At times being right was so important to me I would judge anyone who didn’t share my opinions just to feel good about myself. I had to learn to accept myself for who I was, to just allow me to be. I did this by cleaning out all of the garbage, by stripping away all of my illusory fears and turning my character defects into assets. I don’t know exactly when it happened but I realized one day that I’m an amazing human being with so much to give. More importantly I realized we all are. We are all beautiful, kind, intelligent and worthy. Today, I’m able to give love freely because it’s within me.
Loving myself has allowed me to love everyone for who they are – it’s allowed me to be truly selfless.
I don’t care what others think of me and I’m not worried that they’ll judge my choices, words or actions. I don’t spend time living in fear that what I do will be looked down upon or ridiculed. I don’t care if I’m the topic of conversation. I’m able to give selflessly because I don’t have to be right. I can pay compliments, do nice things and offer support or love to anyone who needs it without fear of abandonment or rejection. All because I know who I am and I don’t need validation from anyone. I’m able to be there for people without needing anything from them. I don’t get upset if they aren’t grateful, because I’m giving to give and not to receive…I’m already giving myself all the love I need. I can tell people how important they are to me without fear. I can get vulnerable with my friends, family and the man in my life because I’m not doing it for any other reason than to make them happy which in turn that makes me happy.
I don’t need validation and I don’t need love from others because I am love. I’m free to love unconditionally and I’m free to give without expectation. Self-love is essential to loving selflessly.

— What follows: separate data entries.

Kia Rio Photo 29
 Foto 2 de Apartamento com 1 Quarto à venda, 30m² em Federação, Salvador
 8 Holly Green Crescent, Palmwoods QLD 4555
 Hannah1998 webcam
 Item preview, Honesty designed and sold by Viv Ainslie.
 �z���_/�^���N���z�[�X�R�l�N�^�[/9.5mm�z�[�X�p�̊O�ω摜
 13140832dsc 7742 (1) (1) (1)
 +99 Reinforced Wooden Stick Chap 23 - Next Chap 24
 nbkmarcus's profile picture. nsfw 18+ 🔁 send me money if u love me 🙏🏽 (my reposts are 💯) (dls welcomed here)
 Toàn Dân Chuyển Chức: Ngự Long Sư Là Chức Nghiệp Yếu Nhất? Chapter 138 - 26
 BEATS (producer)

Today I attract people who appreciate me. I don’t have to portray myself as something I’m not to be accepted by anyone. When we try to be something different than which we are we attract people who weren’t meant for us. Not only do we end up unhappy in these relationships but we waste so much energy keeping up the façade that we never get to do what truly makes us happy. Then we end up blaming others for why things didn’t work out or why things didn’t go our way. Today I do what makes me smile and I’ve attracted some pretty amazing people into my life because of it. People I trust and love with all of my soul and who I can be my true self around.
By being myself I’ve attracted people into my life who love the real me and that’s so much easier than playing the role of someone else.
It goes both ways. Being honest with myself has attracted me to like-minded people because I’m not fighting who I am. I’m not trying to be something I’m not based on a self-made perception of perfection. I don’t look at people and glorify them because they have things I want. I no longer reach and grasp. I see right through to what’s inside. I can see the beauty in people and I’m not focusing on the negative. It’s brought a sense of freedom because I know if they do exit my life it’s ok. If I cling to people and situations that weren’t meant for me I end up in the dark place that breeds self-loathing. I start to feel like a failure and I start telling myself it’s because I wasn’t worthy…then the whole vicious cycle starts over again. How can I spread love if I’m in the depths of self-loathing?
Trust the process. Follow your heart; it will always lead you exactly where you’re supposed to be. Be present and stay connected to your inner self. Loving who you are is the first step in the selfless love that comes from self-love.